The results extended prior work with Croon’s method in single-level settings in that Croon’s method often outperformed ML and the uncorrected approach in terms of bias in small to moderate samples. Croon’s method incurred some bias but regularly maintained the lowest level of bias across small to moderate samples. The bias of the ML estimator was plagued by convergence issues and intermittent extreme parameter estimates in small to moderate samples that faded in larger samples. Uncorrected factor score path analysis often returned estimates that were in a similar neighborhood as ML and Croon’s but was typically more biased because of its neglect of measurement error.

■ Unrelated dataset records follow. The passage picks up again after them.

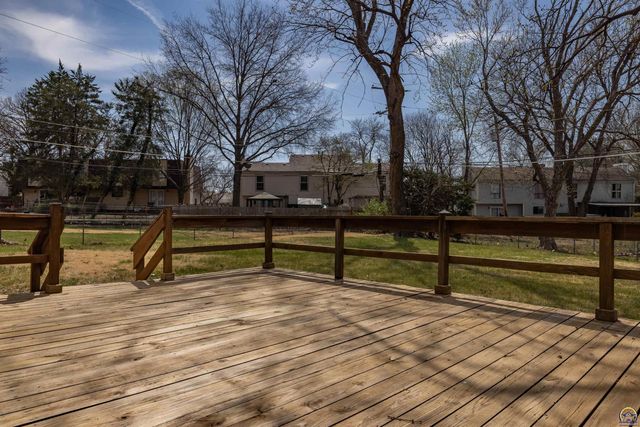 2949 SW Medford AVE, Topeka, KS 66611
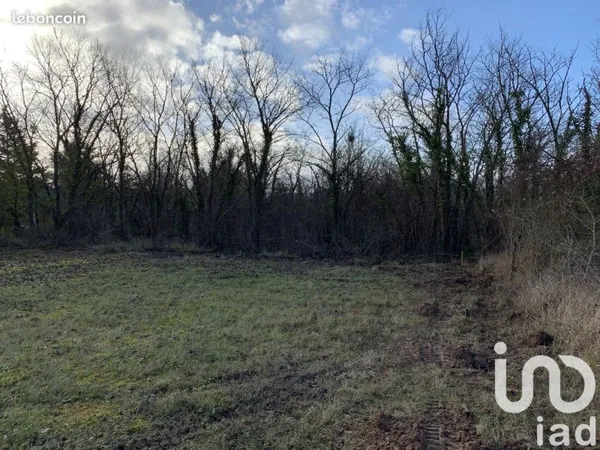 Terrain 4860 m² Misy-sur-Yonne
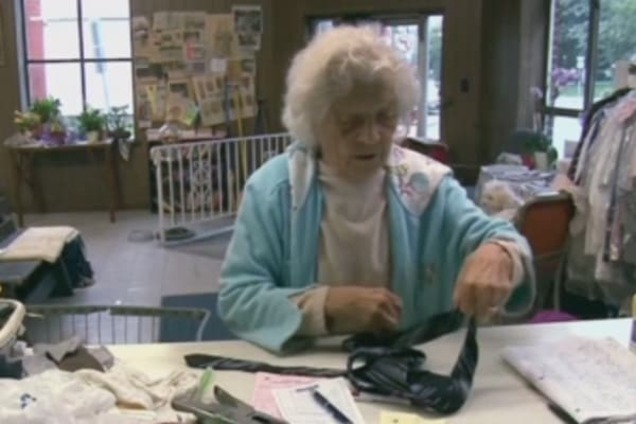 Ни дня покоя: в США 100-летняя старушка трудится как пчелка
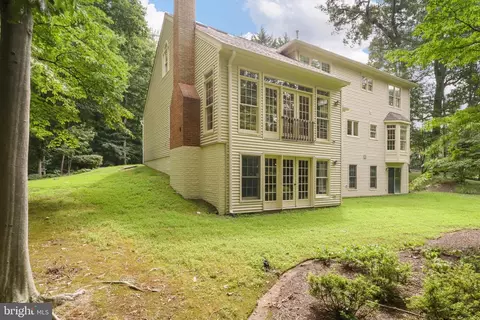 8546 Hooes Rd, Springfield, VA 22153 photo 50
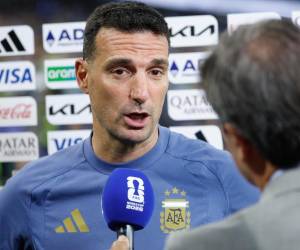 Lionel Scaloni da detalles del por qué Messi se quedó como suplente ante Jordania.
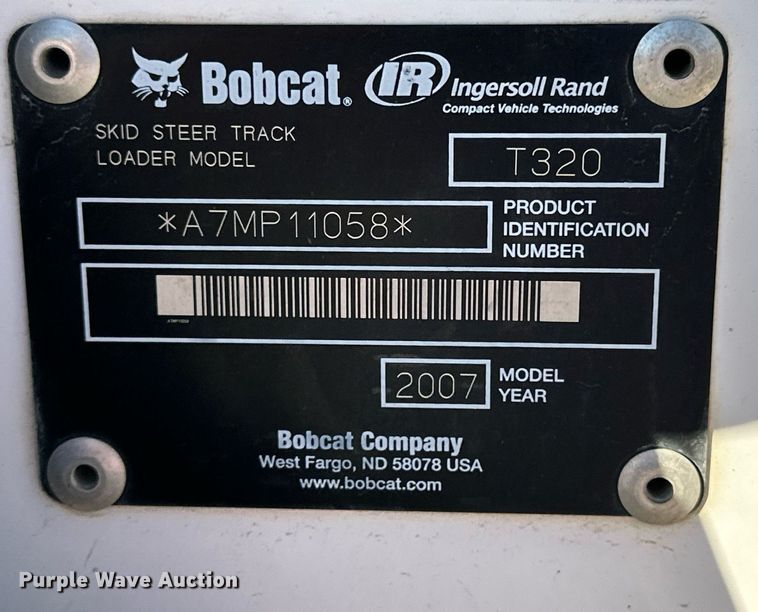 image for item NS9085 2007 Bobcat T320  tracked skid steer loader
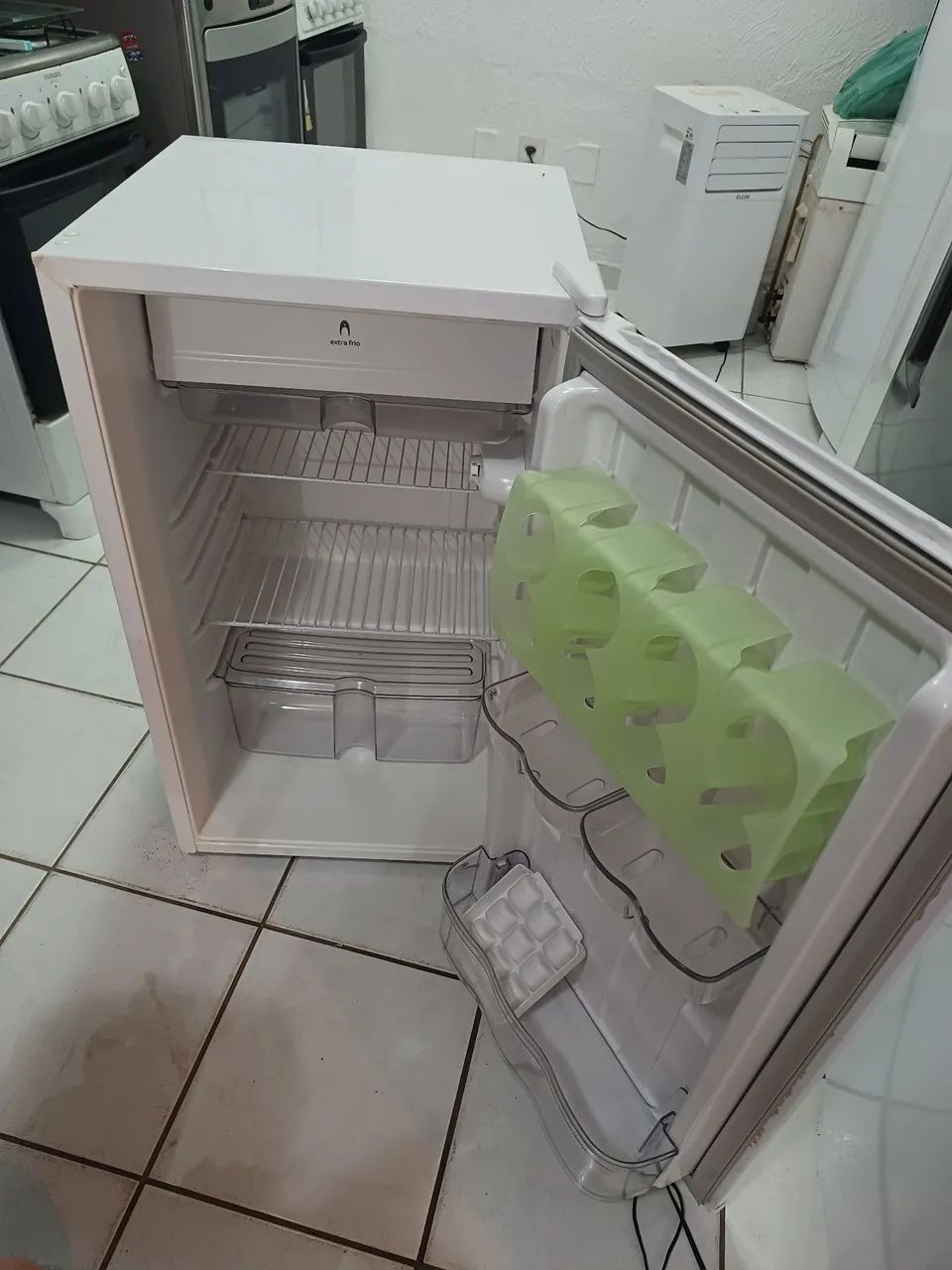 Frigobar consul 120lts ótimas condições  - Foto 2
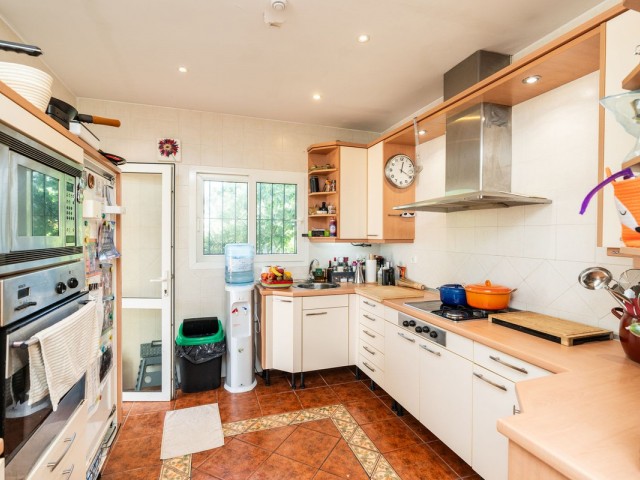 4 Makuuhuoneen Huvila Marbesa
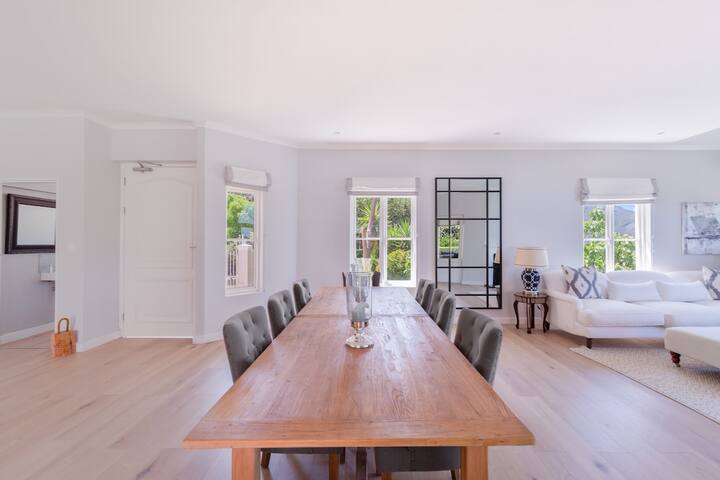 Sublime five bed property in glorious setting gallery image 4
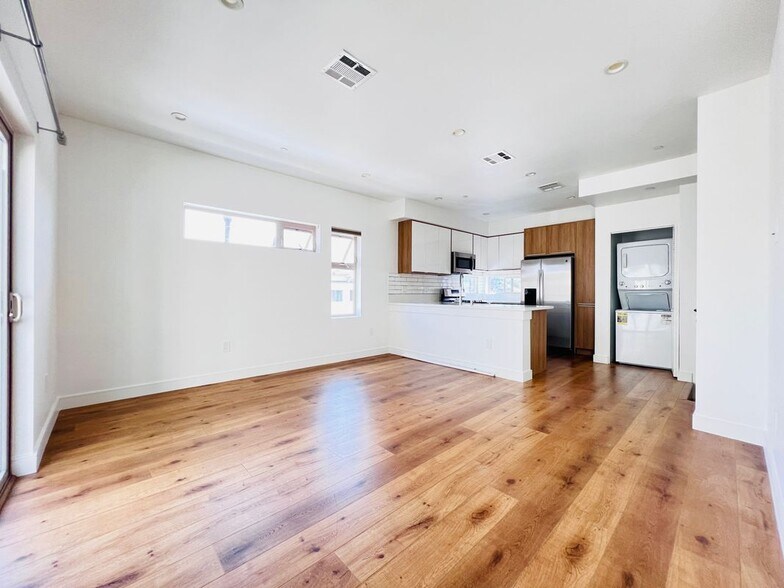 Building Photo - 1718 Miramar St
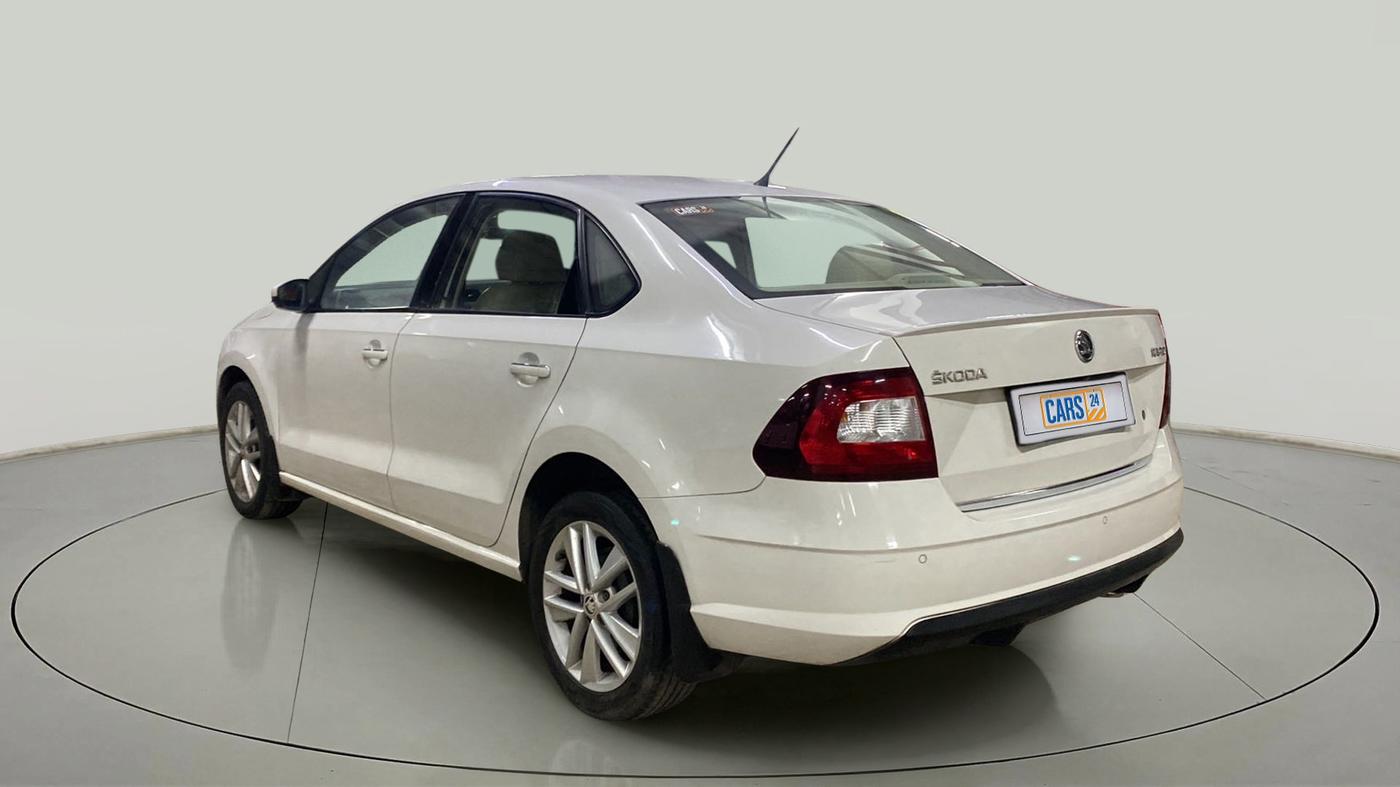 2018 Skoda Rapid STYLE 1.6 MPI, Petrol, Manual, 65,205 km, Left Back Diagonal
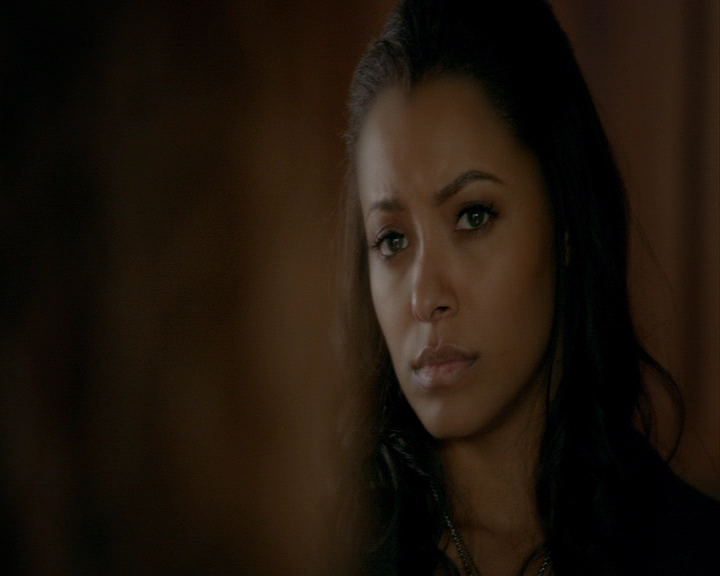 VampireDiaries-dot-nl_VampireDiaries-8x12WhatAreYou0566.jpg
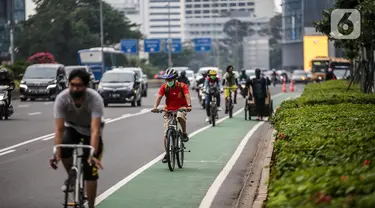 Pengendara sepeda melintas di jalan Sudirman, Jakarta, Jumat (19/6/2020). Direktorat Lalu Lintas Polda Metro Jaya mengingatkan pesepeda untuk berkendara di jalurnya. Pesepeda yang keluar dari jalurnya bisa dikenai denda tilang Rp 100 ribu. (Liputan6.com/Faizal Fanani)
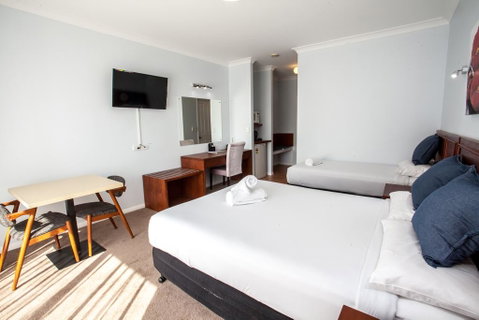 Springwood Motor Inn - Accommodation Newcastle 0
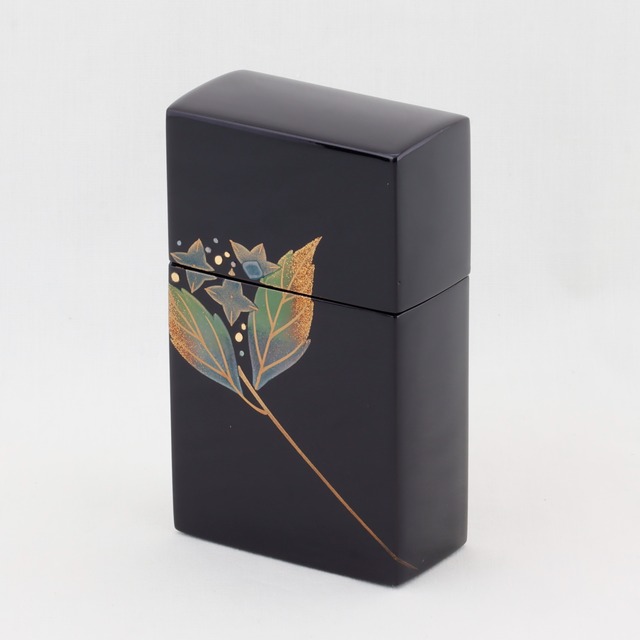 1912  輪島塗　名刺ケース／乾漆造り／黒塗／紫陽花蒔絵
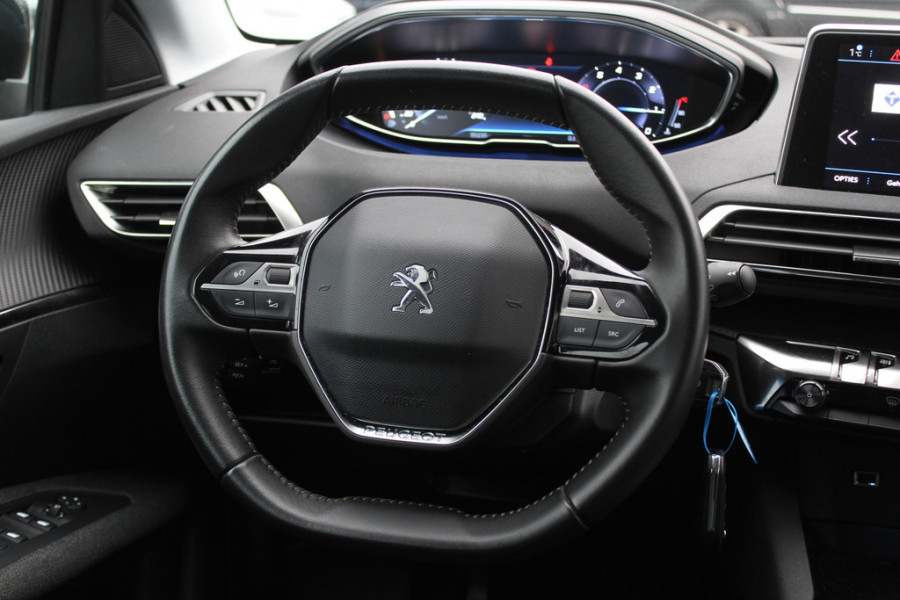 Peugeot 3008 1.2 PureTech Allure / Trekhaak / CarPlay / Parkeerhulp V+A / 17'' / Cruise Control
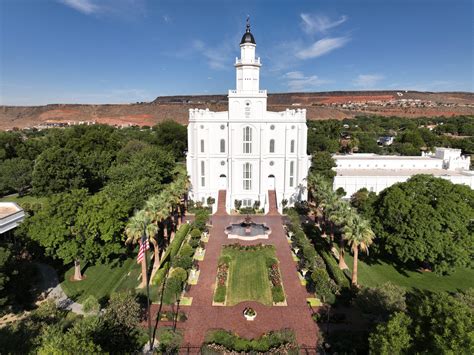 St George Temple Front View Photo | Intermountain DroneWorks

An important practical consideration is the extent to which Croon’s method can produce nearly unbiased estimates in samples where ML failed to converge. More specifically, the aforementioned convergence results suggested that a key utility of Croon’s method is that it frequently circumvents convergence issues in samples where ML fails to converge. Further probing the intersection of the convergence and bias results indicated that Croon’s method retained the same relatively low level of bias in samples where it converged but ML did not.
Returning to our earlier example with 30 organizations—of the 406 samples where ML did not converge but Croon did, the average absolute bias of Croon’s method was identical to the overall absolute average bias for all samples (0.09). Similarly, with 60 organizations, of the 182 samples where ML failed to converge but Croon did, Croon’s average absolute bias was still only 0.04—again, identical to the overall average absolute bias for all samples. Uncorrected factor score path analysis also maintained its bias level (e.g., 0.13 for 30 organizations) for the subset of samples in which ML (and/or Croon’s) failed to converge but these higher convergence rates typically came at the price of increased bias.
Bias across all estimators was influenced by sample size at both levels but this relationship was much more pronounced for ML than for the uncorrected and Croon methods. For instance, the average absolute bias of the path coefficients in samples of 30 organizations and 5 individuals was 0.97 for ML and 0.13 for the uncorrected approach whereas for Croon’s method it was only 0.09 (Figure 2). Croon’s bias advantage declined as a function of sample size—for instance, with 60 organizations the bias associated with Croon’s method was reduced to 0.04 whereas it was reduced to 0.06 with ML and 0.08 with uncorrected factor score path analysis. Paralleling the convergence results, once the organization–level sample size reached about 50 or the number of individuals per organization exceeded 20 with at least 30 organizations, Croon’s and ML approached near zero bias while the uncorrected method retained bias proportional to the unreliability of the latent variables.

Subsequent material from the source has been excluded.